# Heat problems ! any advice ? thanks



## AKalltheway (Feb 8, 2010)

Hi every1, 
i need some help, i live in the uk an my setup consists of 4 600w hps inside a grow tent thats 2meters long by 2m wide by 2m high, i've always vented all the heat out of my tent with a 250mm inline fan with ducting going to an open window, this has always worked fine but the problem is the police have started flying over different estates in the city where i live using there thermal cam to look for any strange heat signitures on houses that make them stand out from the rest of the houses in that street, an i mean any strange heat at all even a small roof vent thats hotter than every 1 elses or widows that are hotter even the slates on roofs ! so i need a way to cool the air coming out of the end of the ducting before i can vent it outside  i thought of using an ac unit untill i descovered that they have to vent the hot air out to rather than actually cooling it down and then blowing it back out :hairpull: does any1 have any ideas ?
help please an thanks in advance.


----------



## BioDynamic (Feb 8, 2010)

AKalltheway said:
			
		

> Hi every1,
> i need some help, i live in the uk an my setup consists of 4 600w hps inside a grow tent thats 2meters long by 2m wide by 2m high, i've always vented all the heat out of my tent with a 250mm inline fan with ducting going to an open window, this has always worked fine but the problem is the police have started flying over different estates in the city where i live using there thermal cam to look for any strange heat signitures on houses that make them stand out from the rest of the houses in that street, an i mean any strange heat at all even a small roof vent thats hotter than every 1 elses or widows that are hotter even the slates on roofs ! so i need a way to cool the air coming out of the end of the ducting before i can vent it outside  i thought of using an ac unit untill i descovered that they have to vent the hot air out to rather than actually cooling it down and then blowing it back out :hairpull: does any1 have any ideas ?
> help please an thanks in advance.





same thing has been happening here. I live in the largest dope growing community in ONtario, and the police love their new IR technology.  I don't know if there is much you can do for your heating problem.  I switched my lighting completely (HID's to CFL's & LED's) some major busts were made because of HID's. 

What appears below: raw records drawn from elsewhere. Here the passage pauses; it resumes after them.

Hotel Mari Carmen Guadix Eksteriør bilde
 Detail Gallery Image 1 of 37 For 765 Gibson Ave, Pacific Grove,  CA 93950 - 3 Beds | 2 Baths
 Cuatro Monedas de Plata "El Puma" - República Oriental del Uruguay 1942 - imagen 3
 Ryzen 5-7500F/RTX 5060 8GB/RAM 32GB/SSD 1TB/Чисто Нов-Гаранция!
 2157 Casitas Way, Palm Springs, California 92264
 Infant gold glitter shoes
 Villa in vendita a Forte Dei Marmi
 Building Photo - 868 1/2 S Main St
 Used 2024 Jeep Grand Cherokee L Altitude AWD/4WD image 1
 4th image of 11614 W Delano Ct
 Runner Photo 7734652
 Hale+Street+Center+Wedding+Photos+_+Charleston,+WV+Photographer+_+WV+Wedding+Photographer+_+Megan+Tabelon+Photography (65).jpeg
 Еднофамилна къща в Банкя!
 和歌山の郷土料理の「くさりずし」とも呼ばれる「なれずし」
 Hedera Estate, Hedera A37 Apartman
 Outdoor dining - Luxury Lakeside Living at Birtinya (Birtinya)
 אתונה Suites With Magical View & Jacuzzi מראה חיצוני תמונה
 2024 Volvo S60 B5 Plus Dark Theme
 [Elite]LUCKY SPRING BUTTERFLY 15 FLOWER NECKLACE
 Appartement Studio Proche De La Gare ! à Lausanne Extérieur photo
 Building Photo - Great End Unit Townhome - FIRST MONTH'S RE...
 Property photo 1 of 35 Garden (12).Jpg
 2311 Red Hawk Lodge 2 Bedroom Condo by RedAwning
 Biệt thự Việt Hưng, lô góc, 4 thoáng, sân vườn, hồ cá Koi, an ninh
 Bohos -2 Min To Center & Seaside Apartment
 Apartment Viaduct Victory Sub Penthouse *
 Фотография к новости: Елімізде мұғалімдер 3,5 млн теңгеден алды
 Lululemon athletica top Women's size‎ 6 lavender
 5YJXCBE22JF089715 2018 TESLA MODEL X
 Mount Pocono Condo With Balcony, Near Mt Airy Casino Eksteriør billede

The only simple thing I can think of is...  have your tent attached to an Air conditioner in the window ...Make something for a venting hose , some sort of head attachment ....then to attach that to the place where all the cool air is coming from the air conditioner, and send that to your tent, .....


Maybe I didn't explain that good enough... I might edit it


----------



## AKalltheway (Feb 8, 2010)

i dont get you mean ? if i do that the ac will still be blowing hot air out the window ! or maybe i'm just to stoned an you mean something diff to what i'm thinking you mean !
i was thinking of maybe getting a big water butt and filling it with cold water with my ducting coiled around inside it an then going to the window but i'm not sure if it would cool the air in the duct enough before it reaches the end of the duct an goes out the window, i might have to add bags of ice also which seems like it might be alot of work having to freeze all that ice on a daily basis.


----------



## Locked (Feb 8, 2010)

Do you hve to vent the air at this time of the year? Can you vent the air into the rest of the house and use it to heat the house?


----------



## AKalltheway (Feb 8, 2010)

its only a small 2 bedroom house an the heat of the 4 600w's would soon build up an make the windows and outside walls glow on the therm cams !


----------



## BioDynamic (Feb 8, 2010)

AKalltheway said:
			
		

> i dont get you mean ? if i do that the ac will still be blowing hot air out the window ! or maybe i'm just to stoned an you mean something diff to what i'm thinking you mean !
> i was thinking of maybe getting a big water butt and filling it with cold water with my ducting coiled around inside it an then going to the window but i'm not sure if it would cool the air in the duct enough before it reaches the end of the duct an goes out the window, i might have to add bags of ice also which seems like it might be alot of work having to freeze all that ice on a daily basis.





No I mean...

The air conditioner will be in the window ...drawing air from outside and blowing cool air into your house. Now, you make *something* to cover the air conditioner, and attach it to a vent hose. So the cold air gets blown into the tent.


----------



## AKalltheway (Feb 8, 2010)

cold air already gets sucked into the tent with the vacume created from the fan pulling air out, its not the temp in the tent thats the problem its the heat signiture coming of the exuast duct thats the prob, thanks anyway.


----------



## Locked (Feb 8, 2010)

Not to mention running window ac unit in the winter wld raise suspicion I wld think...


----------



## AKalltheway (Feb 8, 2010)

lol yep probably


----------



## BioDynamic (Feb 8, 2010)

Oh the vents, Haha sorry.

Wouldn't the ventilation be heating up just like the ventilation in the rest of the house? If it's winter ,then all the vents in the house should be on. How much hotter do you think those vents are compared to your houses???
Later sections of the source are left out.